Now that there is more awareness about the societal harms and challenges of governing data in the region. The challenge now is to translate back into governance models that can effectively target these issues and unlock the value of data for all. While the EU’s global leadership on data protection approaches has had an impact, European values are not necessarily relevant to the wider world.
Europe’s efforts are interacting with other policy agendas.
In the United States, new emerging technologies have sparked several conversations about the role and impact of data. Protection of data has traditionally centered on the protection of data for private consumers as they interact with different businesses looking at how especially health information and financial information are protected. While there is growing support for regulatory action in the US, the European regulatory experience has been seen by the private sector as creating important implementation challenges.

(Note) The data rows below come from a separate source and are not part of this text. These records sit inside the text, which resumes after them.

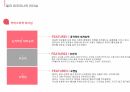 여성과리더십_칼리피오리나_완성본/여성과 리더십 PPT A+자료 19페이지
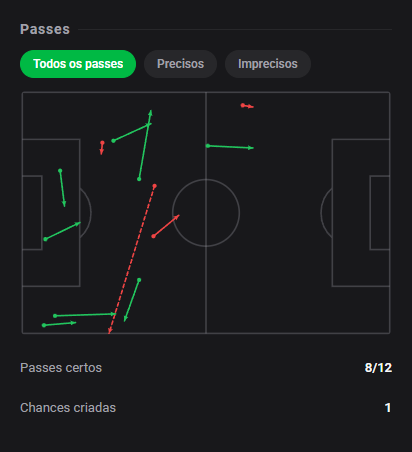 dashstatsbr's tweet photo. ⚽ Hygor decide para o Botafogo SP com o gol da vitória e nota 8️⃣.8️⃣! 🔥
⚽ CRB 0 x 1 Botafogo SP
Dashscore 8.8 🔥
⚽ 1 gol
👟 1 finalizações (1 no gol)
📈 0.72 xG + xA (0.55 xG / 0.17 xA)
#DashStats #Futebol https://t.co/64C21oTAe8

While Africa is often seen as a region drawing inspiration from Europe, a number of data policy legislative pieces have been gaining ground in the region. The recently approved Africa Union Data Policy Frameworks highlights how Africa is shaping its own strategy on data governance. However many are discussing the steps for implementation of this framework to realize a regional digital market and a common approach to data governance.
India has looked towards Europe when it comes to governance, in the context of the General Data Protection Regulation however there is a growing hesitance, about over-regulation, that comes with understanding the European approach.

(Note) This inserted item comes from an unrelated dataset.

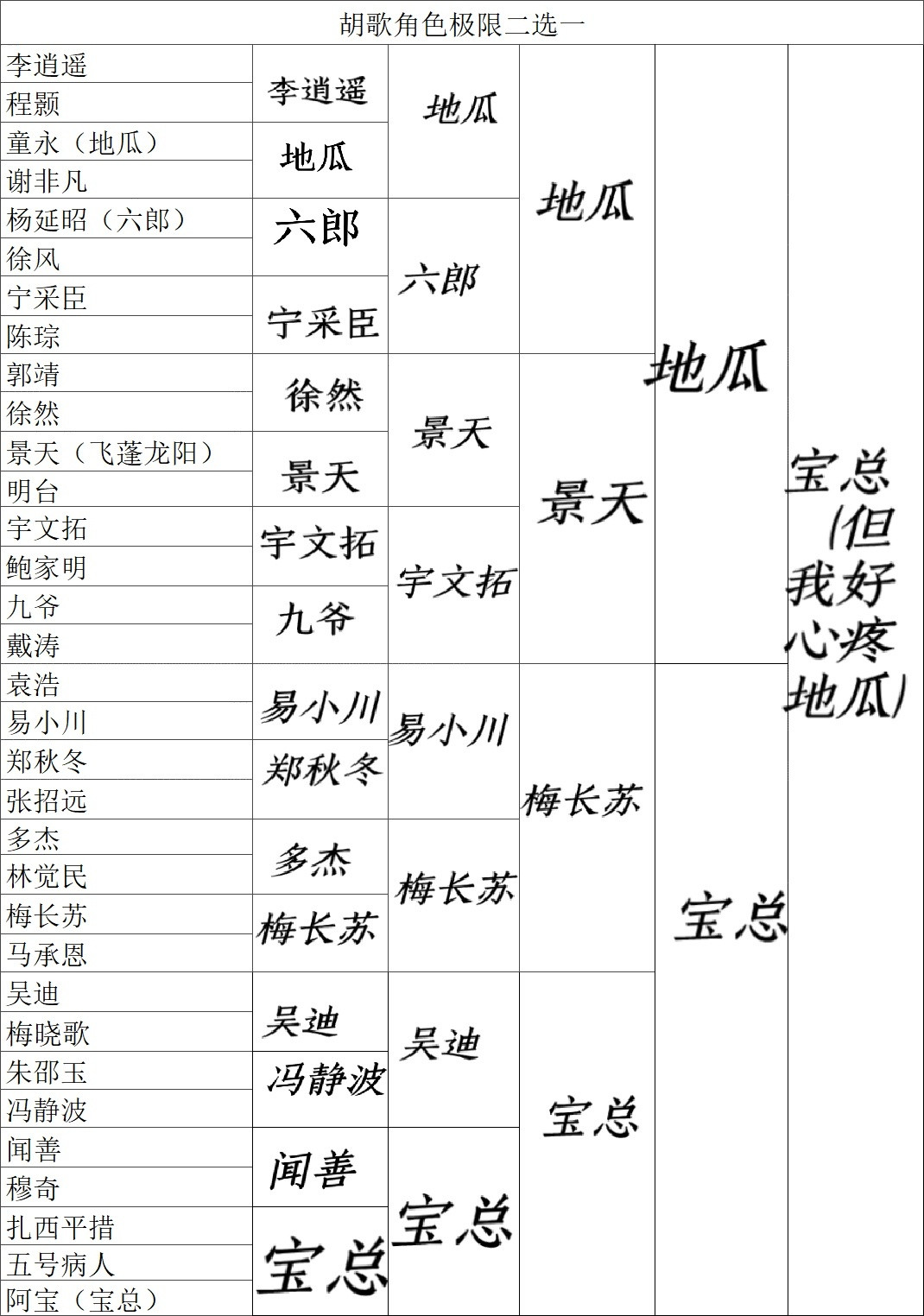 胡歌发现我早期还是更喜欢歌的古装一点哈哈哈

In the G20 and G7 context, it is clear that there are competing ways to approach data policy. India has been building what is being called its digital public infrastructure as showcased during its G20 Presidency which also allows for some ways of thinking about building technologies and interoperability. At the same time, Japan has been pushing the Data Free Flow with Trust throughout its G7 presidency, which has been welcomed by some European countries.
Brazil is set to take over the G20 presidency in the coming months and there are many common factors between Europe and Brazil when it comes to data governance. While not new to Brazil from a historical perspective, Europe’s emphasis on collective impacts and fundamental rights around protecting constitutional rights and freedoms is also reflected in the country’s approach to data. Brazil is currently exploring legislation on AI with more affirmative proposals around rights to reconcile a risk-based approach with a rights-based regulatory framework.
Looking forward to responsibly unlock the value of data for all.
Participants at the event pointed to a myriad of factors that are influencing governments’ ability to responsibly unlock the value of data for all. This is seen as a common challenge that differs in approaches. The following key recommendations shared by event participants surfaced during the discussion which the Datasphere Initiative will be channeling into work on data:
- We should focus more on the matter of data accessibility, rather than the notions of data flows and data transfers, given the fact that data is not necessarily transferred from one place to the other, but often accessed.
- Value is not only about monetization or extraction of value in an economic sense. It’s also the social value creation around data.
- Data governance efforts should not create additional inequalities but try to address some of the inequalities that the economy has created so far.
- Finding the equilibrium between the objectives of openness in data-sharing and the objectives of protection is a constant complex task that needs further experimentation and discussion.
- European approaches to data that may be transposed in other regional environments can have completely different consequences.
- The relationship and the challenges that we have regarding artificial intelligence are moving fast. Responsibility interoperability and multistakeholder dialogue will be key to sufficiently address the opportunities and risks.